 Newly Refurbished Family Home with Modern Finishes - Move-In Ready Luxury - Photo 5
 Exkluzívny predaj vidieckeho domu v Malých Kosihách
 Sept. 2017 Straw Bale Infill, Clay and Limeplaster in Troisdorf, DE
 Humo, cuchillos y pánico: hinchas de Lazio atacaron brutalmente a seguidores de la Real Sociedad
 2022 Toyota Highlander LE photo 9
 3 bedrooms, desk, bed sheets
= = = = = = =
INSTRUCTIONS TO FOLLOW: For this exercise, transcribe the whole listing verbatim.

EXERCISE OUTPUT:
 Newly Refurbished Family Home with Modern Finishes - Move-In Ready Luxury - Photo 5
 Exkluzívny predaj vidieckeho domu v Malých Kosihách
 Sept. 2017 Straw Bale Infill, Clay and Limeplaster in Troisdorf, DE
 Humo, cuchillos y pánico: hinchas de Lazio atacaron brutalmente a seguidores de la Real Sociedad
 2022 Toyota Highlander LE photo 9
 3 bedrooms, desk, bed sheets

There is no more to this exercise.